FLAGSTAFF, Ariz. – Firefighters fanned out across blackened landscape in Arizona’s high country, digging into the ground to put out smoldering tree stumps and roots as helicopters buzzed overhead with buckets of water to drop on a massive blaze.
The work has been tedious and steady – all with the recognition that already strong winds will become stronger Friday and a shift over the weekend could turn the blaze up hillsides or toward homes on the outskirts of Flagstaff.
The 32-square-mile blaze is one of a half-dozen major wildfires that have raced across Arizona, New Mexico and Colorado over the past week. Forecasters have warned that warm weather, little to no precipitation and spring winds create a dangerous recipe for wildfires.

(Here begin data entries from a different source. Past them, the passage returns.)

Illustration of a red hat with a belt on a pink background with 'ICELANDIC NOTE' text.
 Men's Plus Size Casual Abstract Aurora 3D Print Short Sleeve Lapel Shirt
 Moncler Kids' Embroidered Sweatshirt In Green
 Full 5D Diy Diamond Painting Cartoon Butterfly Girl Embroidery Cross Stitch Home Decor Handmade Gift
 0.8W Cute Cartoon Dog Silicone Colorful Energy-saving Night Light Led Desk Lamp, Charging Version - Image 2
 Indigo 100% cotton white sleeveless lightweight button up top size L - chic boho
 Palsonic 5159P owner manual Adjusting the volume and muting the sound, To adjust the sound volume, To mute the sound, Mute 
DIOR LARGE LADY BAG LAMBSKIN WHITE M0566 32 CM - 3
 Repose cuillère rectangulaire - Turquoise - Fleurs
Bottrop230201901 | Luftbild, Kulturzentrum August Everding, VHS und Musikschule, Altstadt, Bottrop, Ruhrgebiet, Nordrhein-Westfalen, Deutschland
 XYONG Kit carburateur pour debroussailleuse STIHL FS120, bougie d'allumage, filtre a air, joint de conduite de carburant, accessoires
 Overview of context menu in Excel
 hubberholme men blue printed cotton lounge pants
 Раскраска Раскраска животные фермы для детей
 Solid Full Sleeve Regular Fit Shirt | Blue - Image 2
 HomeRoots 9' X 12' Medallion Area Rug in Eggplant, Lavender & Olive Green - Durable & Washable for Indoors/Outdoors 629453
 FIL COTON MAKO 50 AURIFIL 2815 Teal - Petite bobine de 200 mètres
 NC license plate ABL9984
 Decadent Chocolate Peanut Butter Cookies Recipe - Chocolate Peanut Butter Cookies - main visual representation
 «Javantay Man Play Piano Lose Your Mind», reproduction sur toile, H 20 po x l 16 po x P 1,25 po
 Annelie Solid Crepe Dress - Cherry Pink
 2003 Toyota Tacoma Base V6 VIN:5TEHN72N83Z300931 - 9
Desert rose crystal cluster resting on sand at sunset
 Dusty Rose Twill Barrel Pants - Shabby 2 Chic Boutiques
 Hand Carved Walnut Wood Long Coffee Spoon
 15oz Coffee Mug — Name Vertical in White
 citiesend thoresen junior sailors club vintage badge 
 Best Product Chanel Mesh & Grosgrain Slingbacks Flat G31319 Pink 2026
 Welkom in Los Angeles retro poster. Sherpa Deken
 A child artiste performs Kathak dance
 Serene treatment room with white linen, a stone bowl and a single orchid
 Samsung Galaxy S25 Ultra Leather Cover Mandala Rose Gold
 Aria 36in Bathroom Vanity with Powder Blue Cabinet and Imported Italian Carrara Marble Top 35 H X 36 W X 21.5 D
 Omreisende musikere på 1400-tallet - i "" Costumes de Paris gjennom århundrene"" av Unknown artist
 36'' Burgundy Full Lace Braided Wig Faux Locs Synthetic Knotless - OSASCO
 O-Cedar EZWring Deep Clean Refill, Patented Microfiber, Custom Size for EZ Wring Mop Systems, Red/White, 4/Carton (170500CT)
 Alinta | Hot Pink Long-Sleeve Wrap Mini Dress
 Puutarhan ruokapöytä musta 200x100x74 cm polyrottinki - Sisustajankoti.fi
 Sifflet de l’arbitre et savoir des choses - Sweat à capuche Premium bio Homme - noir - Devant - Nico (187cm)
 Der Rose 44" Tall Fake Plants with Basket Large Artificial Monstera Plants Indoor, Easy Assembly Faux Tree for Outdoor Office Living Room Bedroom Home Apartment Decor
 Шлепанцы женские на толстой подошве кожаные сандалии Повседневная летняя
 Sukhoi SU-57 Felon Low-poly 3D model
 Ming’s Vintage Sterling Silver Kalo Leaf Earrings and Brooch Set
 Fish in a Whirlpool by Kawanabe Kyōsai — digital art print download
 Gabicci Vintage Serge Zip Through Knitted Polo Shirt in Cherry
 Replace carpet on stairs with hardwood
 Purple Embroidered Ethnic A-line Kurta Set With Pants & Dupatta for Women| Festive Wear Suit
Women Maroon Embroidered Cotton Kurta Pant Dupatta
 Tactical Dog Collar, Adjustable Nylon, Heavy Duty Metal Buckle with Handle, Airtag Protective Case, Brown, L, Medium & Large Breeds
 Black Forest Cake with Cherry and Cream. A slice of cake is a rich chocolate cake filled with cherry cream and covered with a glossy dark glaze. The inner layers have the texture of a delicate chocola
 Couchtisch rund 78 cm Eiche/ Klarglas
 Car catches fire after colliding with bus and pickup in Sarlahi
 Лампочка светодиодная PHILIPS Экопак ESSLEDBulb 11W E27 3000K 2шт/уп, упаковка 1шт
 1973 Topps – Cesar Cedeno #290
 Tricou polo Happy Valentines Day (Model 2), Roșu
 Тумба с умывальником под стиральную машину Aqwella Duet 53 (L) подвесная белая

Those elements are “pretty much on steroids in the atmosphere for tomorrow,” said Scott Overpeck with the National Weather Service in Albuquerque, New Mexico. “And by that we mean they are really cranked up. Everything is overlapping together at the same time.”
The Flagstaff-area fire was expected to keep growing Friday, fanned by the wind, said Jerolyn Byrne, a spokeswoman for the team working the blaze.
Neither officials nor residents have been able to fully survey the damage, as crews on Thursday were busy wrestling a spot fire and trying to keep flames from running up the mountainside. If that were to happen, it would mean a much bigger fire with long-term consequences such as erosion and flooding.
Still, spirits were lifted Thursday as helicopters for the first time were able to start dropping water on the flames.
Arizona Gov. Doug Ducey on Thursday declared a state of emergency in Flagstaff’s Coconino County. The declaration clears the way for state funding for evacuations, shelter, repairs and other expenses. However, the money can’t be used to reimburse home and business owners for losses.
About 30 structures have been destroyed, but it’s still unclear how many were homes, the county sheriff’s office said Thursday.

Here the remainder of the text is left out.